Hi All. My R32 GTR is currently on a High Net Worth policy and is due renewal but my current insurance broker can no longer offer this policy as the insurance companies have now stipulated a minimum premium of £1500  Has anyone got experience of companies offering either HNW or Agreed Value policies at a reasonable cost? Cheers for any suggestions/links/experiences.


----------



## Mookistar (Feb 5, 2004)

Aplan, AIB, Flux, REIS


----------



## plazif (Jul 10, 2012)

Speak to pace ward insurance. I've got all my cars with them, mods declared + guaranteed value


----------



## 4wdnoob (Sep 1, 2009)

Both my GTR's are insured with AIB,
32 has an agreed value on it too, no where near 1500 quid either!! 
give Leah or Murray a call


----------



## 4wdnoob (Sep 1, 2009)

Out of interest who is the broker no longer offering renewal?
My underwriter both currently and previously, Irrespective of the broker has been Markerstudy in recent years


----------



## Mick E (Sep 7, 2014)

4wdnoob said:


> Out of interest who is the broker no longer offering renewal?
> My underwriter both currently and previously, Irrespective of the broker has been Markerstudy in recent years


The broker is AIB and no doubt they would offer the HNW policy but at a minimum premium of £1500. I deal with Leah and she can offer an agreed value policy with Markerstudy but I am obviously exploring all of the alternatives. I also have a quote already from REIS and am waiting on replies from A Plan and Pace Ward. Does anyone know of any other 'Skyline' friendly insurers?


----------



## 4wdnoob (Sep 1, 2009)

Wow, quite surprising to read that it's AIB, both my policys were in the past few months too. 
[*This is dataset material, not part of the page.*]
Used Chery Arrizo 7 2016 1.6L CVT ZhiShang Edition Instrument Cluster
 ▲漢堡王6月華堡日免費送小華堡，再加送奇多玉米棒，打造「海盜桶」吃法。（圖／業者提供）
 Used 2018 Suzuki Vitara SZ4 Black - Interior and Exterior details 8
I tried REIS but price was far too much compared to others, for me AIB were cheaper and less restrictions - REIS said I had to have a gated driveway (which I do but never heard that before from any other brokers) 

Keith Michael's and A Plan are usually Skyline friendly. Flux I find hit and miss and always have done but I did insure my first Silvia with them back in the mid 2000's

Surprisingly Hastings Direct came back as 2nd cheapest on the R35 quote, guess it being a UK car helped, never tried the 32 though 😂


----------



## Mick E (Sep 7, 2014)

4wdnoob said:


> Wow, quite surprising to read that it's AIB, both my policys were in the past few months too.
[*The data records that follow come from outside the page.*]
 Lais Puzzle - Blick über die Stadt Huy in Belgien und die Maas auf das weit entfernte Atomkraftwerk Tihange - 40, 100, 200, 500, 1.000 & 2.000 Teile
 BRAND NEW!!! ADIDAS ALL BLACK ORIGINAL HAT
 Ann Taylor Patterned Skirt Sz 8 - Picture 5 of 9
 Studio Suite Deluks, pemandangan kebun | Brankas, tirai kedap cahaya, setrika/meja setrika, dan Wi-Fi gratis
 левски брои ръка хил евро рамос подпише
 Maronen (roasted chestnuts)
Yes I was surprised as well, I have been with AIB for 5 years. I guess quite a few owners with HNW policies will be in for a shock at renewal time


----------



## R33Skyl1neGTR (Jan 8, 2016)

Supprisingly, Admiral was my cheapest quote for my R35 this year but A Plan usually has the best prices compared to most I have had quotes from.


----------



## Mick E (Sep 7, 2014)

R33Skyl1neGTR said:


> Supprisingly, Admiral was my cheapest quote for my R35 this year but A Plan usually has the best prices compared to most I have had quotes from.
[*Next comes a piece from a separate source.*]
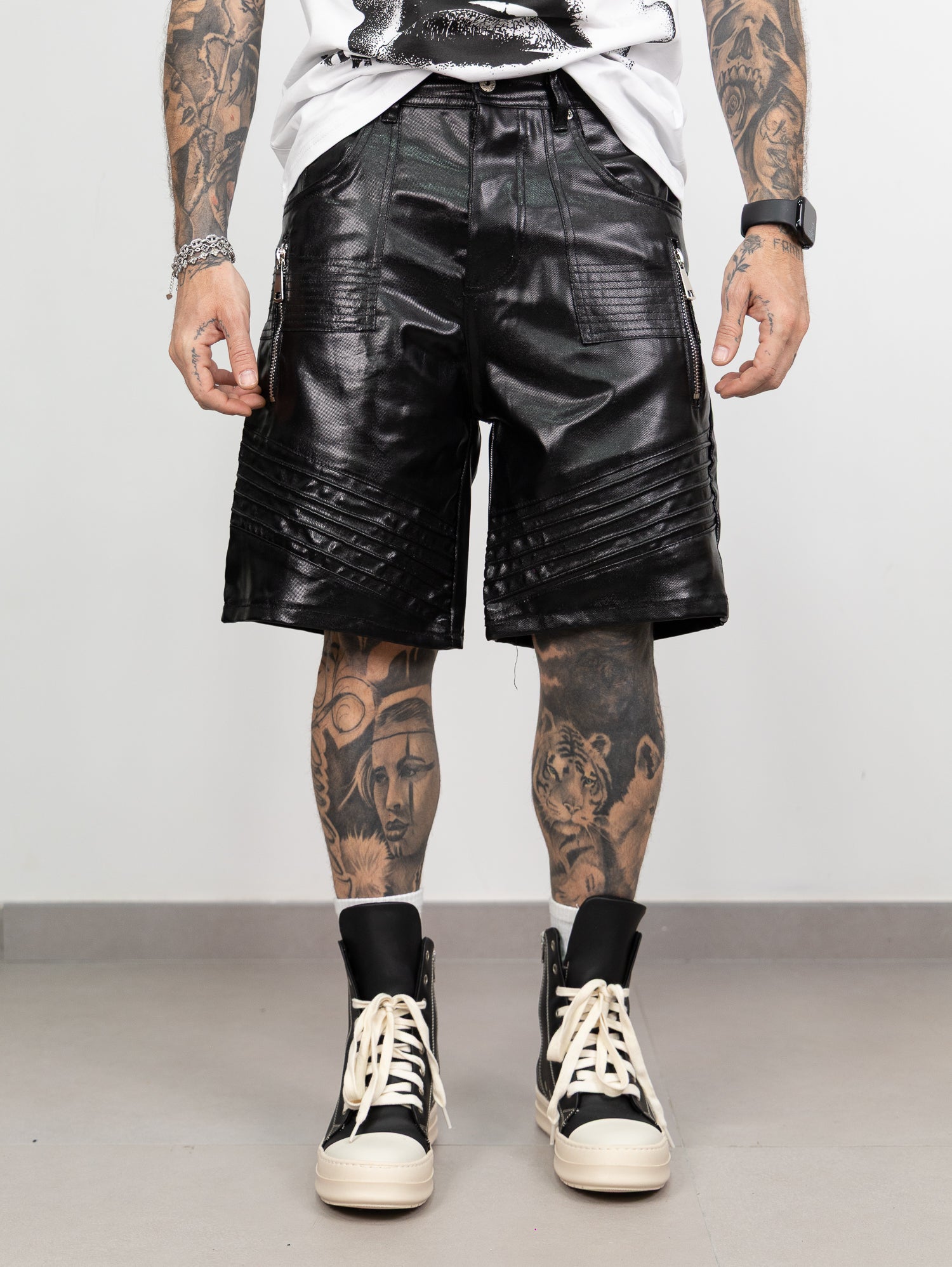 Short biker spalmato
The likes of Admiral may be ok with UK R35's but no good for modified imported Skylines.


----------



## Kristofor (Sep 28, 2018)

Admiral were silly cheap for my R32 GTR, too cheap, i'm 30 with 6 ncb available for that car and i was quoted £355.04 when added to my daily via a multi car.
I ended up paying more and had an agreed value policy with AIB as a few friends had used them in the past. i couldn't tell you who the policy is with though.

Having spend a small fortune on new nissan bits i wanted a little more piece of mind.


----------



## R33Skyl1neGTR (Jan 8, 2016)

Yeah, lots with AIB but when I called for a quote, the price was ridiculous!
They said they didn't like my postcode and plus it sits on a drive and not garaged.

Considering my age and multiple decades of NCB, that's just not considered....


----------



## Mick E (Sep 7, 2014)

Just to finish off this thread I have taken an agreed value policy with REIS as their premium was a fair bit cheaper than similar policies from AIB and Pace Ward. With regard to HNW policies it may well be a shock to other owners at renewal time with minimum premiums of £1500!!


----------